Study material —
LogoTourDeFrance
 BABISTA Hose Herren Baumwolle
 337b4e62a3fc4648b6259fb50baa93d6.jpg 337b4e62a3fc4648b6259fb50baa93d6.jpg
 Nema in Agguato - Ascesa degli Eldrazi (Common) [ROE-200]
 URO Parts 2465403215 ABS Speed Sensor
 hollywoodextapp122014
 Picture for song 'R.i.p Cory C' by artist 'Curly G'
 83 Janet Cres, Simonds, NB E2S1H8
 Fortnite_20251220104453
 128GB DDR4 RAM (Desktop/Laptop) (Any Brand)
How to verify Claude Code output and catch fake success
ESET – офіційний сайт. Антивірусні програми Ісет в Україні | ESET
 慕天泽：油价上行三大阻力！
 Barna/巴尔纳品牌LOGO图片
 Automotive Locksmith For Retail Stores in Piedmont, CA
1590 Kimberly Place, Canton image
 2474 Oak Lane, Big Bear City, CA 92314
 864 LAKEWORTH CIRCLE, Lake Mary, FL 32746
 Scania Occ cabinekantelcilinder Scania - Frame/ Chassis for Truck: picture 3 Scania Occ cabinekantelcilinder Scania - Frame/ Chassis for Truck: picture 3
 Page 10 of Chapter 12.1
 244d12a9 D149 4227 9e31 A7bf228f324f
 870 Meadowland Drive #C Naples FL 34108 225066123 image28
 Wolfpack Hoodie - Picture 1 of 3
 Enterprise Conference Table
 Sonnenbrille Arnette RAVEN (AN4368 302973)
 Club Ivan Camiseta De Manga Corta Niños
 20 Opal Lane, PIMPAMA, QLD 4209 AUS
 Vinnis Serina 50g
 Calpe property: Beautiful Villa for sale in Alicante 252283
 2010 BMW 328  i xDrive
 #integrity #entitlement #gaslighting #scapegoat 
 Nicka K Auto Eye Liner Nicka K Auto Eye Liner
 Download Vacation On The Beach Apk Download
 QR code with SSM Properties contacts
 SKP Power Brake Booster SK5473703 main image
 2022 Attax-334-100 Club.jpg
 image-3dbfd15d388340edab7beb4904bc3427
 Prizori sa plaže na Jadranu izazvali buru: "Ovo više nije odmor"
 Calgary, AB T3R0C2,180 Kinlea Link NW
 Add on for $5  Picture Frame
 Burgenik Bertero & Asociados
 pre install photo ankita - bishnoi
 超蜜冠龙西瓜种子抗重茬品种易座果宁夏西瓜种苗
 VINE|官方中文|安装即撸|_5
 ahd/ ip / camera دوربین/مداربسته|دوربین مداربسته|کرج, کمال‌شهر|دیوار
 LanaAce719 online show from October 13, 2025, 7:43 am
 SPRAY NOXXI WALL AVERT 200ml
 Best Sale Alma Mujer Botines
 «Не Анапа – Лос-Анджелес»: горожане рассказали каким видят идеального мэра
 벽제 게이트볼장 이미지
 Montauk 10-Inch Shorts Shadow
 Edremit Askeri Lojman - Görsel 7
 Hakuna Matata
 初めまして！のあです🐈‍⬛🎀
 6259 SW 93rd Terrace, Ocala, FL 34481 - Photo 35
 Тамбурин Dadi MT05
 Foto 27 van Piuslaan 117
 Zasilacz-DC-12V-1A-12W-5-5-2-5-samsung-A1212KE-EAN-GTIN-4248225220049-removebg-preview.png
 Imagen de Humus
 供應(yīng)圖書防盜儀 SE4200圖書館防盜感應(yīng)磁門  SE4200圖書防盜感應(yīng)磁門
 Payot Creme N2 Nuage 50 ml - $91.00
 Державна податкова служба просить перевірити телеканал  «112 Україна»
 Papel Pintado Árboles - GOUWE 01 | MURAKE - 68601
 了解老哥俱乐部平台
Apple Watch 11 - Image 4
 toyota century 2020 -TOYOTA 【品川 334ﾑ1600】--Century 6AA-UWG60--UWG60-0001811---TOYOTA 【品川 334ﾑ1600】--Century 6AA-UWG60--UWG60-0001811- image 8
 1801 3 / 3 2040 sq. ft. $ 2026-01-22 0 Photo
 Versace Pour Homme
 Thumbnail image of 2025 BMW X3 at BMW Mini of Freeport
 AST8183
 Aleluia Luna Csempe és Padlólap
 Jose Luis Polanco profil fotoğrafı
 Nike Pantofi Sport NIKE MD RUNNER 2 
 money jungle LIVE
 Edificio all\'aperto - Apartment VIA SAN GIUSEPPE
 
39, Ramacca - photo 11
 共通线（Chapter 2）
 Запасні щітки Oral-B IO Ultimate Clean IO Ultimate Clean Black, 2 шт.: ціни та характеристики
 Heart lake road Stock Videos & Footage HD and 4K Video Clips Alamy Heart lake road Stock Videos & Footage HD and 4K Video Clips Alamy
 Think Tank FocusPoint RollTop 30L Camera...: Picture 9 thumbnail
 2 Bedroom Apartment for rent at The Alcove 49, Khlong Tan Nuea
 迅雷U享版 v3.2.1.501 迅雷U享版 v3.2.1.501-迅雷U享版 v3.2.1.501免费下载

Work request — After locating the line with "Hakuna Matata" in the material above, return it and each line after it exactly, ending at the line with "Imagen de Humus".

Result below —
 Hakuna Matata
 初めまして！のあです🐈‍⬛🎀
 6259 SW 93rd Terrace, Ocala, FL 34481 - Photo 35
 Тамбурин Dadi MT05
 Foto 27 van Piuslaan 117
 Zasilacz-DC-12V-1A-12W-5-5-2-5-samsung-A1212KE-EAN-GTIN-4248225220049-removebg-preview.png
 Imagen de Humus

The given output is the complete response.